Code Requirements and Specifications: xstring.cpp

1. Your implementation file xstring.cpp should use the distributed header file xstring.h (not a modified version).

2. Your implementation file should use the function headers as distributed in xstring.cpp-partial.

3. Your code should compile without errors or warnings using the command:

   g++ -c -I. -Wall -Wextra xstring.cpp
   

4. Your code should function correctly with any (legal) sequence of commands for the test harnesses.

Code Requirements and Specifications: stringsort.cpp

1. The command:

   stringsort.x infile outfile
   

   should result in outfile being a sorted permutation of the strings in infile.

2. Stringsort should call the template sorting function g_merge_sort from mergesort.h using one of these two calls:

   #include <mergesort.h>
   ...
   fsu::g_merge_sort(a, a + n);             // array case
   fsu::g_merge_sort(v.begin(), v.end());   // std::vector case
   ...
   

   where a is an array of strings or v is a std::vector of strings, respectively. The choice of using arrays or vectors is yours.

Hints

• All of your test code code can be compiled with the following makefile:

  # makefile for assessing xstring.cpp
  all: fstring.x fstringb.x stringsort.x
  fstring.x: fstring.o xstring.h xstring.o
          g++ -ofstring.x fstring.o xstring.o
  fstringb.x: fstringb.o xstring.h xstring.o
          g++ -ofstringb.x fstringb.o xstring.o
  stringsort.x: stringsort.o xstring.h xstring.o
          g++ -ostringsort.x stringsort.o xstring.o
  stringsort.o: stringsort.cpp xstring.h mergesort.h
          g++ -Wall -Wextra -I. -c stringsort.cpp
  xstring.o: xstring.h xstring.cpp
          g++ -Wall -Wextra -I. -c xstring.cpp
  fstring.o: xstring.h fstring.cpp
          g++ -Wall -Wextra -I. -c fstring.cpp
  fstringb.o: xstring.h fstringb.cpp
          g++ -Wall -Wextra -I. -c fstringb.cpp
  

• Be certain that you are using the distributed header file and test clients, as these will be provided independently for the assessment.

• As is often the case, I/O poses some complexity. The reading of all strings from a file can be accomplished using either an array or a std::vector as the internal storage mechanism. The following loop reads strings and puts them in a vector:

  fsu::String string;
  std::vector <fsu::String> v;  // vector
  while (ifs >> string)
    v.push_back(string);
  

  The following loop reads strings and puts them in an array:

  fsu::String string;
  fsu::String a [maxArraySize]; // array
  size_t count = 0;
  while (ifs >> string && count < maxArraySize)
  {
    a[count] = string;
    ++count;
  }
  

  The array method must deal with the "fixed size" nature of arrays and hence limit the maximum number of strings in the input file to maxArraySize, a constant declared at the top of the program. You may set this constant to 1000. The vector method has no such limitation and is arguably easier to code, nevertheless if you are more comfortable with arrays you may follow that direction.

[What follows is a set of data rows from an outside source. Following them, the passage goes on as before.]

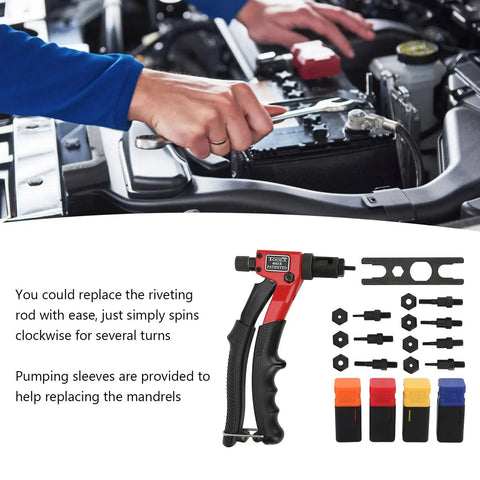All In One Manual Hand Rivet Nut Tool Kit With Interchangeable Mandrels M3 M4 M5 M6 For Auto Body And Marine Projects shown with components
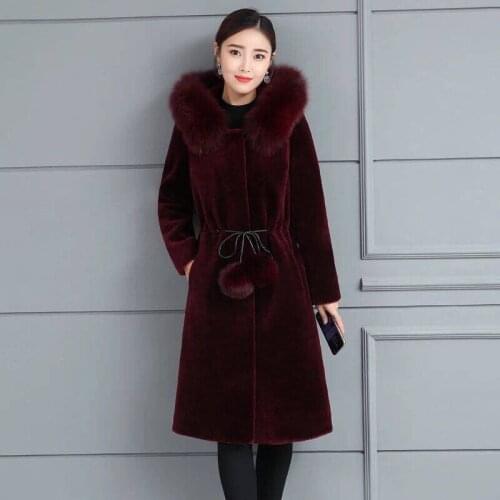 Mink Fur Coat Womens 2020 Winter New Hooded Outwear Long-sleeved Plus Size Mink Velvet Thickened Imitation Fur Coat Female Q261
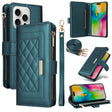 For iPhone 16 Pro Max Crossbody Zipper Wallet Rhombus Leather Phone Case(Green) - iPhone 16 Pro Max Cases by PMC TechLife | Online Shopping South Africa | PMC TechLife | Buy Now Pay Later Mobicred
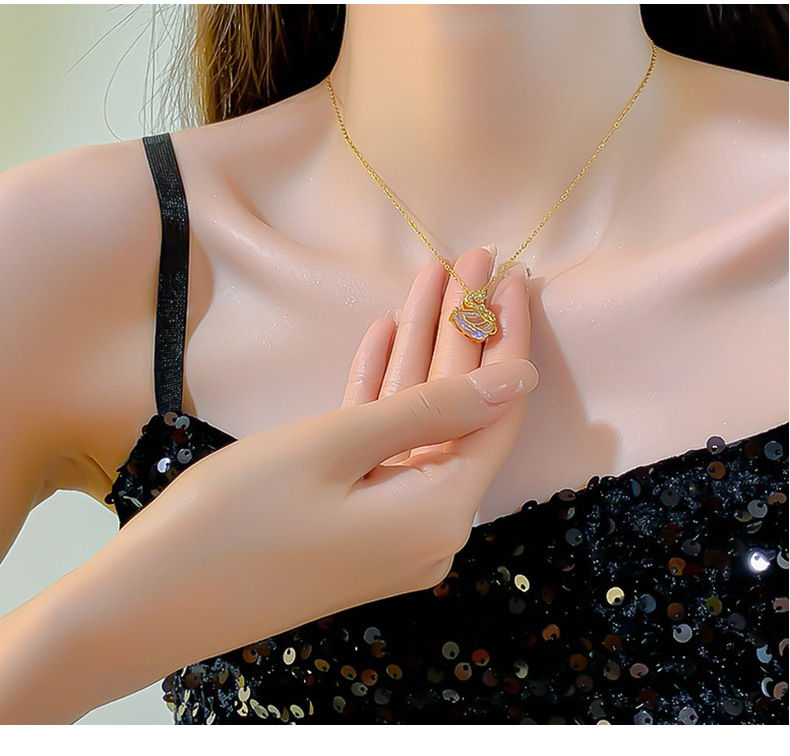 Collana a forma di cigno placcata in oro, stile coreano, per donna, elegante gioiello di alta gamma per clavicola_voghion.com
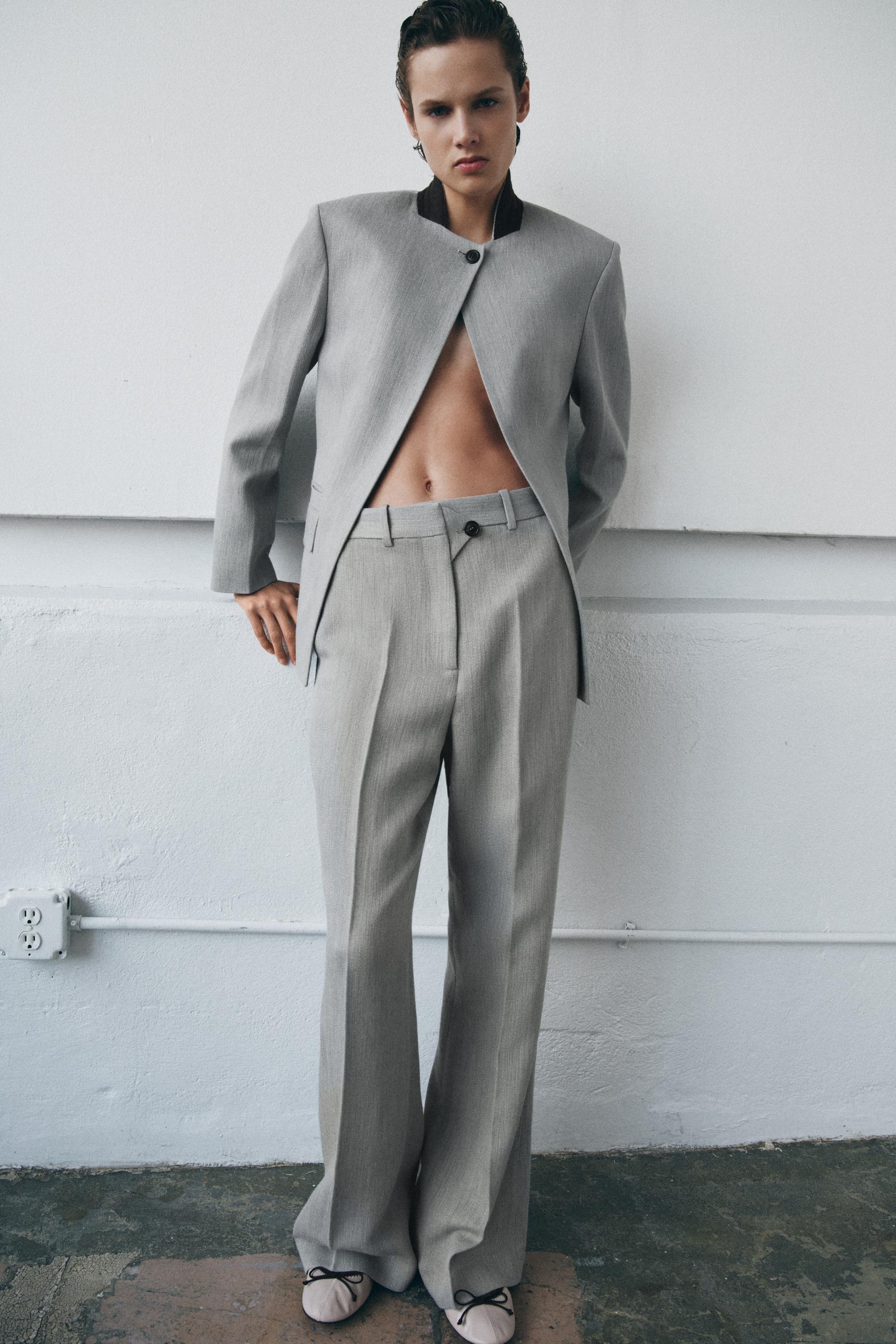 ZW COLLECTION スーツブレザー＆パンツセットアップリケパンツ | ZARA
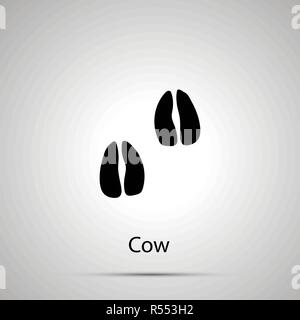 Kuh Pfoten, Schritte Abdrücke, einfache schwarze Silhouette auf Grau Stock Vektor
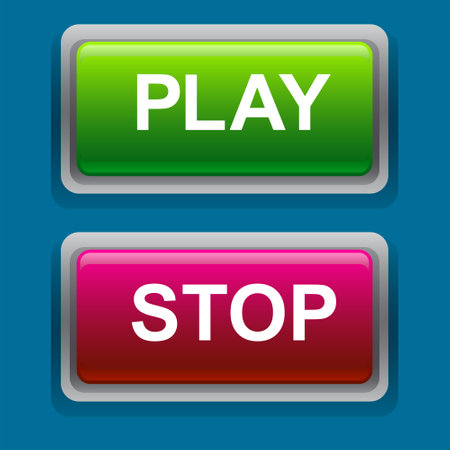 Vector illustration of the buttons play and stopのイラスト素材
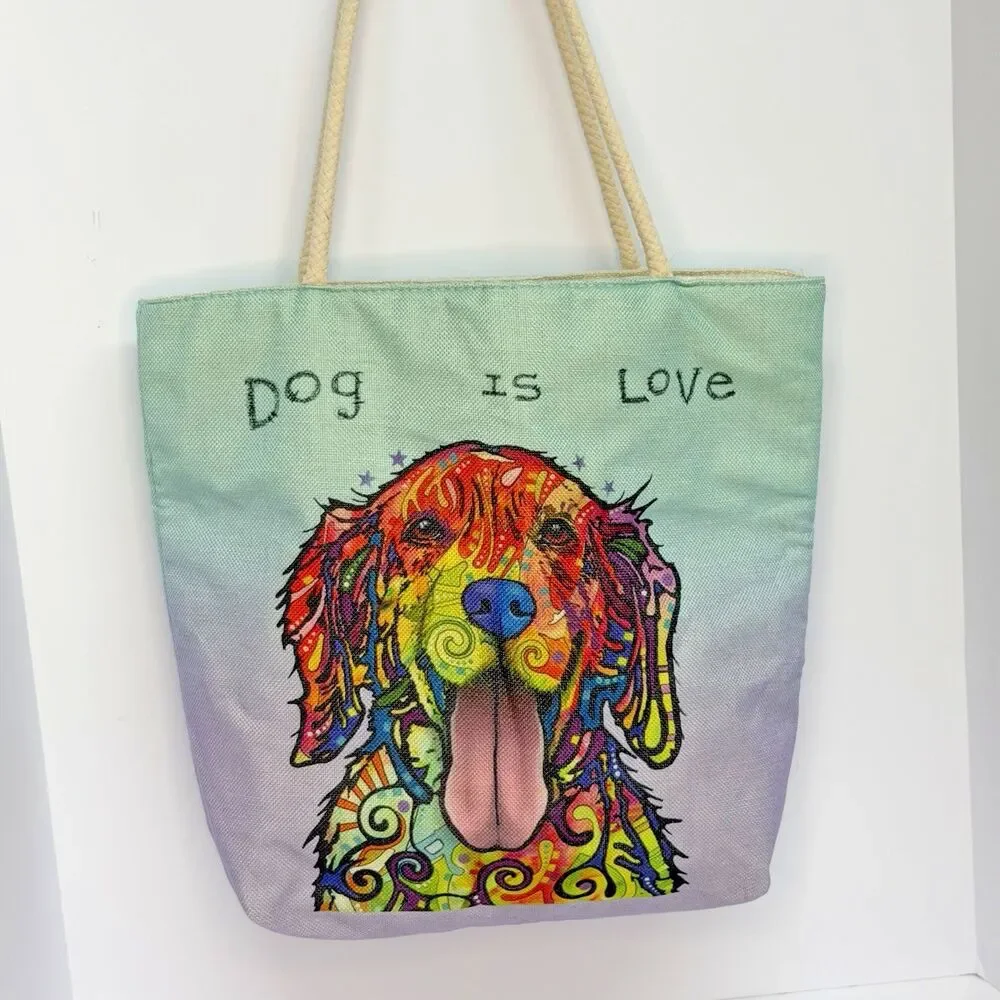 Dean Russo Dog Is Love Jute Tote Bag Colorful Golden Retriever Pop Art 17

• Your code will be assessed using fstringb, stringsort, and a variety of command files. Be creative in testing your code: consider various commands and sequences of commands that exercise the most complex features of fsu::String.

• The object code file xstring_i.o is released in the assignment directory. This gives a way to create and test your stringsort.cpp using a known correct implementation of xstring.h.

• There are sample executables:

  area51/fstring_i.x
  area51/fstring_s.x
  area51/stringsort_i.x
  area51/stringsort_s.x